Sur la route de Soi

 

« Six mois pour créer un autre monde ».

J’écrivais cette phrase en entrant dans cet hangar planté au milieu du vignoble.

Un hangar pas comme les autres.

Un hangar qui se composait d’un atelier, d’un théâtre, et d’un espace de convivialité.

Les vignes au dehors ressemblaient à des barbelés, à un vaste cimetière, ou encore à un champ de guerre traversé par un sanglier perdu, traqué par les Hommes de la société.

Je pensais soudain à la guerre en Ukraine.

La paix était un bien précieux.

En avais-je vraiment conscience ?

Le vent du nord soufflait fort sur cette colline et le froid de l’hiver se faisait encore ressentir.

Avril portait à merveille son dicton : « En avril, ne te découvre pas d’un fil ».

Après un repas festif et une visite des lieux, je rassemblais mes amis dans le salon autour du poêle.

Les propositions jaillissaient.

Créer un autre monde échauffait les esprits.

Et après ?

Après les six mois ?

Déjà, l’un d’entre nous songeait à l’après avant d’accueillir ce qui s’offrait à nos âmes.

Etait-ce de sa part un signe de sagesse ?

Penser à l’après avant de nous préoccuper du présent comme si « l’après » lui donnait sens ?

L’ivresse des vignes pouvait certes égarer les esprits.

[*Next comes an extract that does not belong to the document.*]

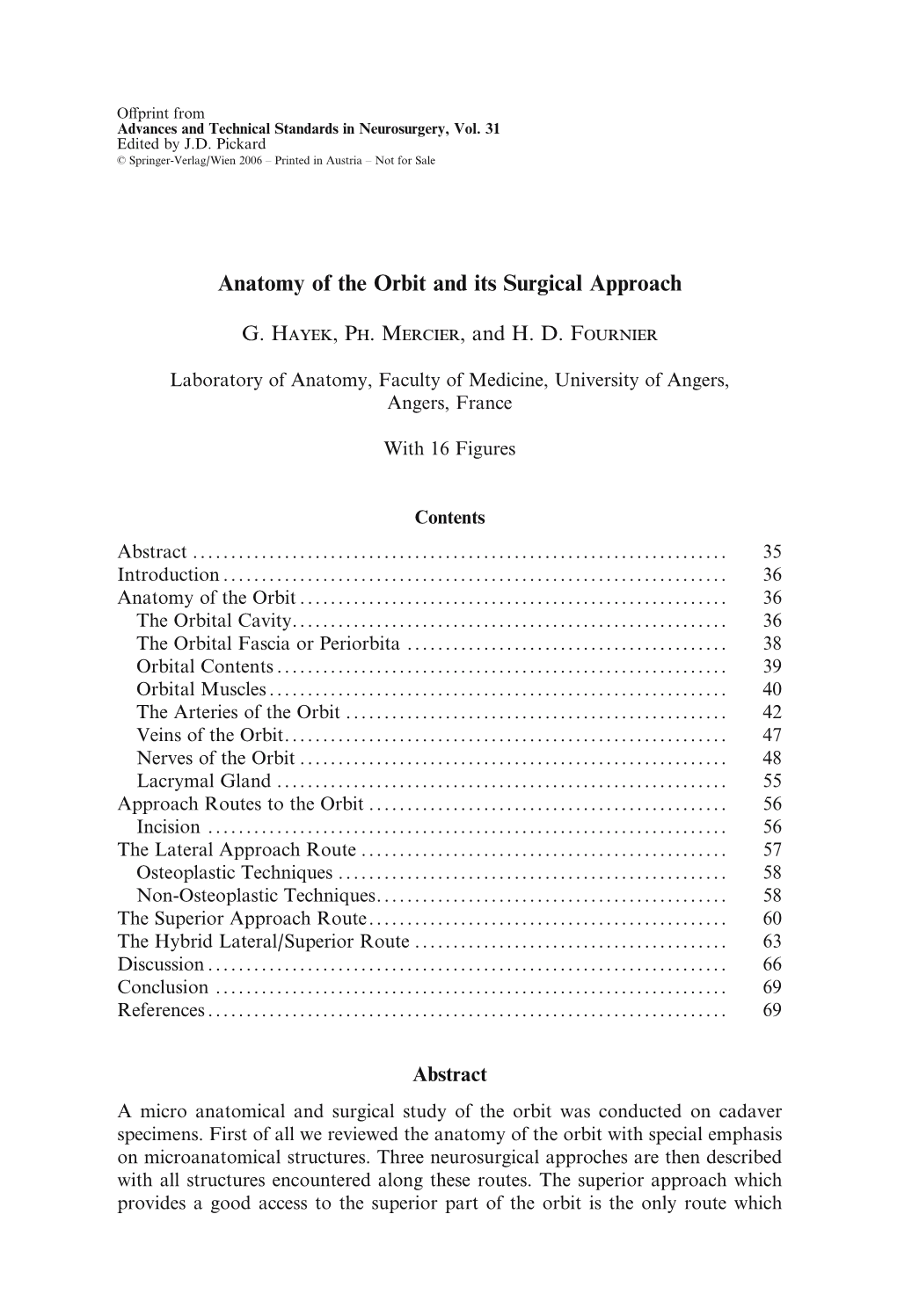 Anatomy of the Orbit and Its Surgical Approach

Quelques visites se succédaient, quelques moments de partage, et de longues plages de solitude, car, sans doute, pour créer un autre monde, il me fallait prendre ce chemin qui me mènerait au fond de moi-même. Sur la route de Soi. L’intimité d’une naissance.

Quel sens désirais-je donner à ma vie ?

Que voulais-je faire de mon esprit, de mon âme, de mon coeur, de mon corps ?

Créer un nouveau monde commençait déjà par là, contempler ce paysage qui se donnait à mes yeux, m’en émerveiller un peu plus chaque fois, chaque matin, chaque soir, le voir verdir et grandir.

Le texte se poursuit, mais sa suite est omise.